Well I had the Lomanco rep come to my house and look at situation. He agreed I did not have the "text book" exhaust with ridge vent, being I only have 30% at top ridge. He also noted the bump outs could turn into intakes being that close and fair down from main ridge and said to section areas off. He suggested I go with WhirlyBirds and I don't like that. Well, looking at my back of house and not having much room to put other stactic 135's and removing ridge vent, I decided "Who Cares" cause it is frying my brain with "What the hell do I do" so therefore I am just going to leave the 16' inadequate ridge and give up! Lomanco rep so no way to put other static vents near the ridge as will just do a whirl of in and out air between the two...so I give up!

On another note, I would like to get your guys feedback on this issue of valley cut being inches from the side of my skylight...what do ya think? I will also be adding other picture of the terrible job done elsewhere and tell me what ya think. THANKS SO MUCH!!!


----------



## Bridgett34 (Sep 14, 2015)

Here are other pictures of bad job. Shingles bunched up near skylights, wavy edge shingles, drip edge all messed up, does chimney look alright?


----------



## craig11152 (Jun 20, 2015)

Bridgett34 said:


> On another note, I would like to get your guys feedback on this issue of valley cut being inches from the side of my skylight...what do ya think?

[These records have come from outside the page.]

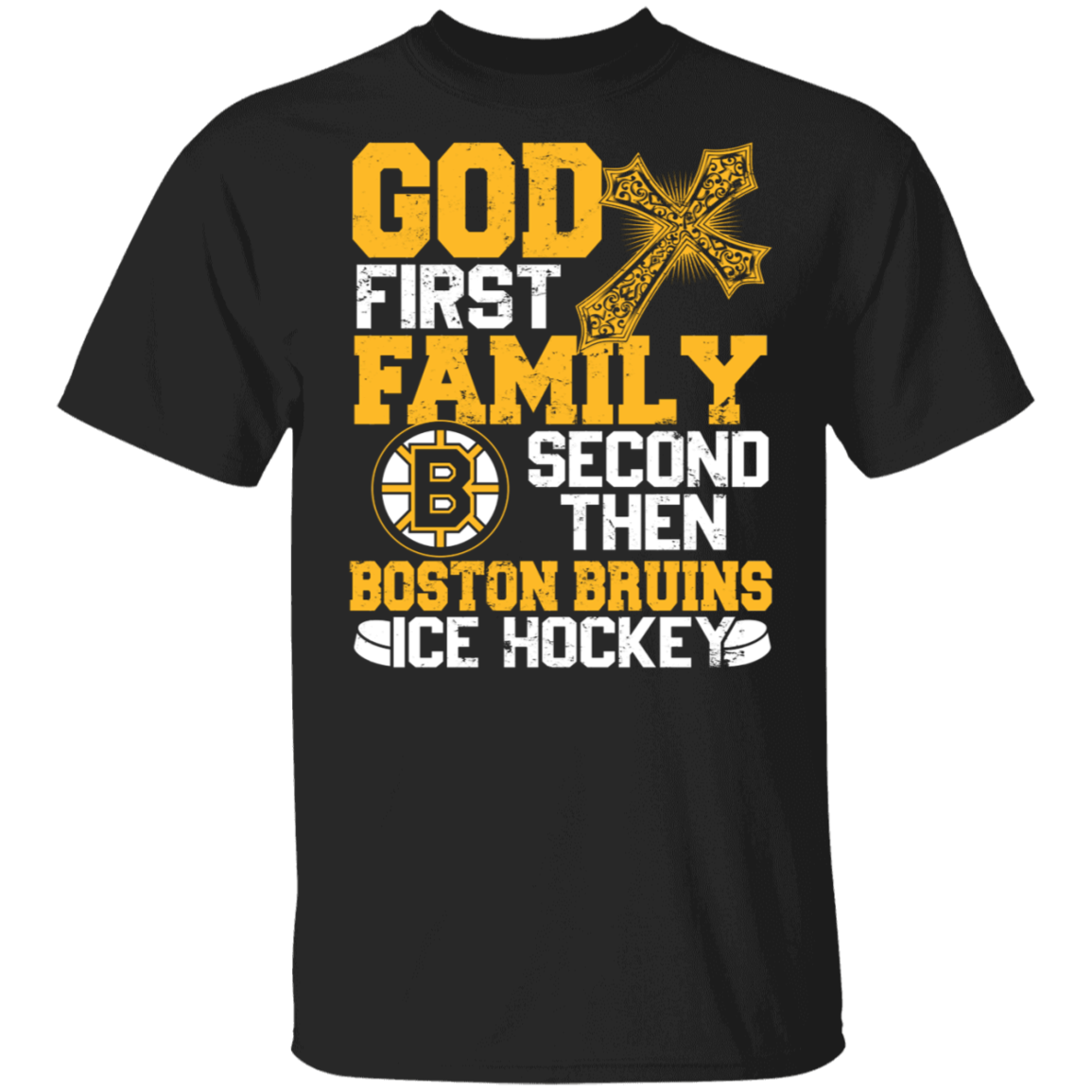 Christian Sport Shirt Vintage God Family Then Boston Bruins Ice Hockey Cool Christian Ice Hockey Player Gifts T-Shirt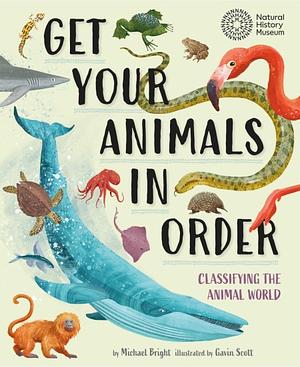Get Your Animals in Order: Classifying the Animal World by Michael Bright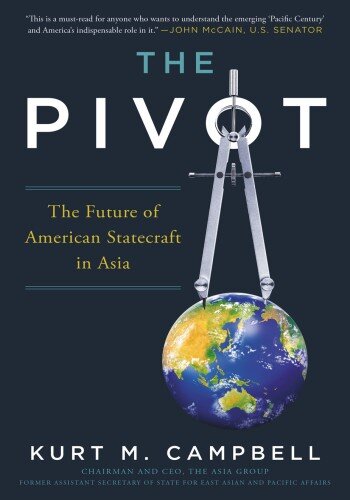 ﻿The Pivot: The Future of Statecraft آمریکا در آسیا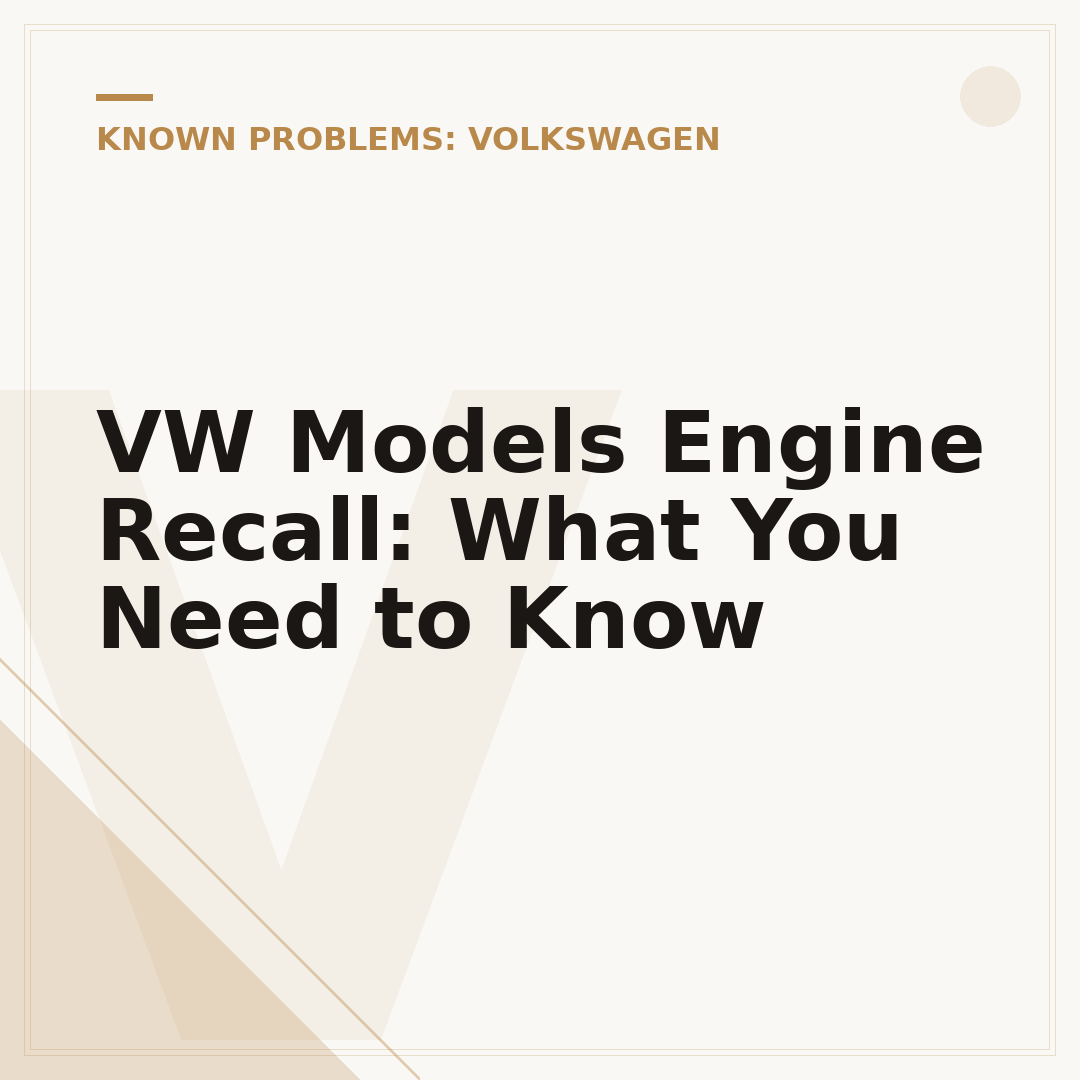VW Models Engine Recall: What You Need to Know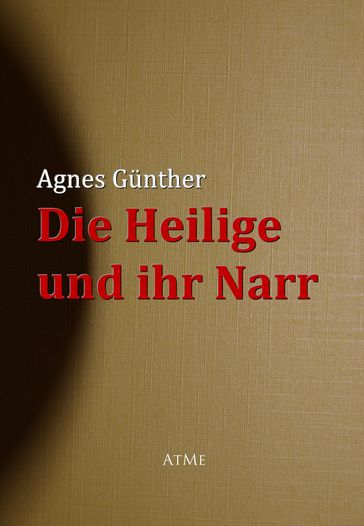 Die Heilige und ihr Narr - Agnes Gunther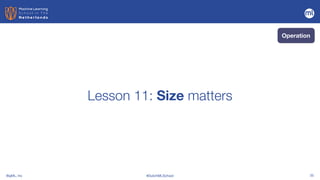 BigML, Inc #DutchMLSchool 35
Lesson 11: Size matters
Operation
 
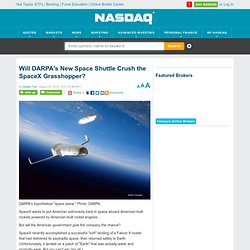 Will DARPA's New Space Shuttle Crush the SpaceX Grasshopper?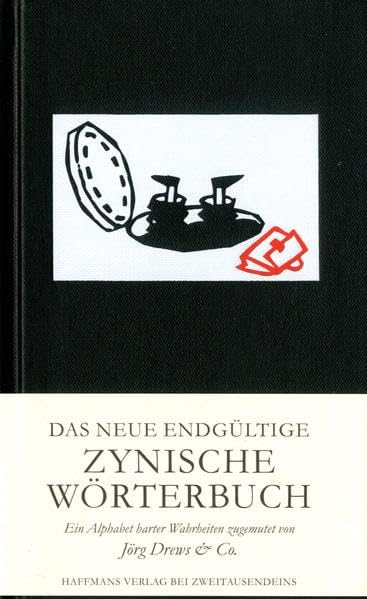 Das endgültige Zynische Wörterbuch: Ein Alphabet harter Wahrheiten zugemutet von Jörg Drews & Co. (Gerd Haffmans bei Zweitausendeins) Contemporary literature Books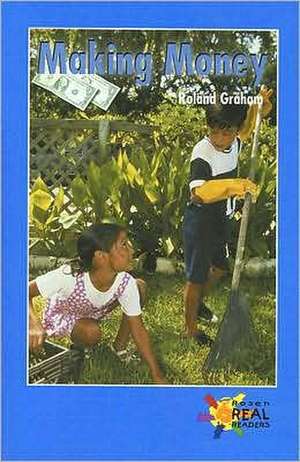 Making Money de Roland Graham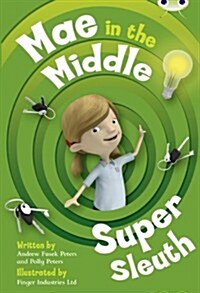 Bug Club Guided Fiction Year Two Lime B Mae in the Middle: Super Sleuth (Paperback)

I will also be adding other picture of the terrible job done elsewhere and tell me what ya think. THANKS SO MUCH!!!


I don't have a huge problem with the valley cut. There isn't a lot of option for the roofer. I blame the skylite install more than anything. I'm not a fan of a skylight that close to a valley.


----------



## craig11152 (Jun 20, 2015)

It looks like the step flashing for the skylights is holding shingles up. I always give them a little bend so they are at like 95-100 degrees instead of 90 then they don't push up like that. 
Those eve pictures look troubling as well. This is a second roof? What kind of roof was the first one?


----------



## craig11152 (Jun 20, 2015)

I would be more than mildly surprised if that chimney counter flash was cut in to the mortar which is what it should be.


----------



## Bridgett34 (Sep 14, 2015)

craig11152 said:


> I would be more than mildly surprised if that chimney counter flash was cut in to the mortar which is what it should be.



I don't know what you mean by second roof? This was a tear off an new install. This is a first story roof (ranch). What was there before the tear off was a architectural shingle as well.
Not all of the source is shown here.